Roanoke Times Copyright (c) 1995, Landmark Communications, Inc. DATE: WEDNESDAY, September 15, 1993 TAG: 9401140008 SECTION: EDITORIAL PAGE: A9 EDITION: METRO SOURCE: Cal Thomas DATELINE: LENGTH: Medium
In announcing the plan to ``reinvent'' government by reducing waste, fraud and government girth, Vice President Al Gore estimates a $108 billion savings to taxpayers if all recommendations are approved. It will be a savings to taxpayers, though, only if Congress goes along and the money saved is used to fulfill President Clinton's campaign promise for a middle-class tax cut instead of shifting the spending to other programs.
The administration actually hopes to reinvent itself with the sure-fire crowd-pleaser of attacking inefficient and bloated government programs and by styling itself as the defender of the overtaxed citizen (who ironically has been so recently gouged by higher taxes). Polls show 95 percent of Americans think government wastes too much money. But, like ``tough-on-crime'' rhetoric, promises to reduce spending and shrink the size of government haven't lived up to expectations.
During the Reagan administration, the Grace Commission produced a volume of cost-cutting and government-downsizing recommendations. Sixty-five percent of those recommendations were implemented, but not 65 percent of the savings. Congress preserved many big-ticket items, cutting instead those whose supporters had little political clout.
According to the Office of Management and Budget, the Grace Commission proposals that were adopted saved $152.4 billion between 1986 and 1989, and by this year the estimated savings have grown to $250 billion.
But if fully implemented, those recommendations would have saved $424.4 billion over three years. Vice President Gore's far less ambitious proposal to save $108 billion is stretched over five years. While these savings are obviously achievable, they represent only 1.3 percent of total federal spending over those five years, making them more symbolic than substantive.
Among the Grace Commission recommendations that should have been adopted but weren't (estimated five-year savings in parentheses):
Expediting disposal of Commodity Credit Corporation inventory by eliminating the de facto veto power that the State and Agriculture departments and Agency for International Development exercise over the humanitarian-assistance program ($521 million).
Making greater use of direct deposit/electronic-funds transfer to pay federal benefits and salaries ($344 million).
Charging user fees for Federal Home Loan Bank Board borrowings to offset the implicit interest subsidy it receives from the treasury ($297 million).
Removing certain tax exemptions from the farm credit system ($648 million).
Monitoring federal construction-project mitigation outlays to ensure they are not excessive and are used solely to offset environmental damage, not to improve pre-existing environmental quality ($993 million).

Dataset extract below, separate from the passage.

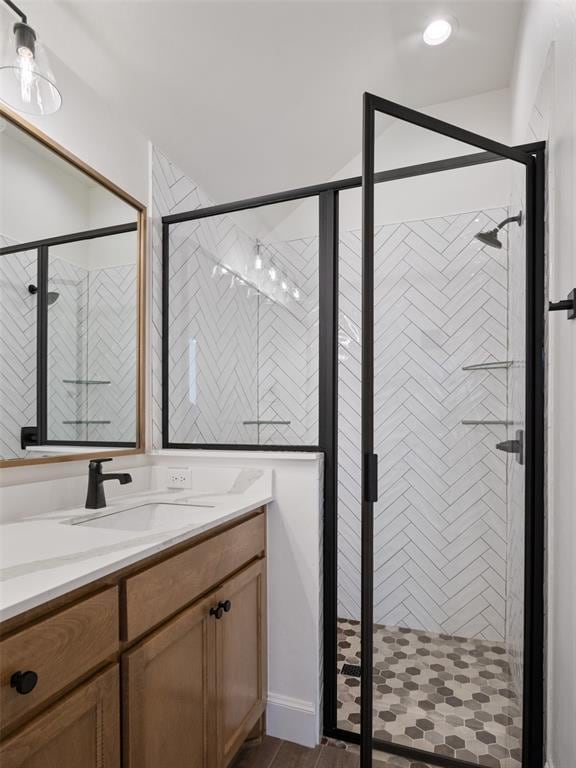 bathroom with vanity and an enclosed shower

There's plenty more, but the reason these failed to get congressional approval and that at least some of the Gore recommendations won't either is because virtually every dollar spent has a constituency or a congressman or both who want to maintain it. Let the cuts take place in someone else's district.
If the administration says government costs too much, is inefficient and wastes money, why did the president push through retroactive tax increases and a higher gasoline tax f+ibeforeo he cut wasteful spending? Politically, wouldn't it have made more sense to cut the waste before asking the overburdened taxpayers to ante up more for less?
The ``Gore Commission'' is likely to get some of its recommendations approved and some will be achievable by executive order. But most people will be forgiven for remaining cautiously cynical.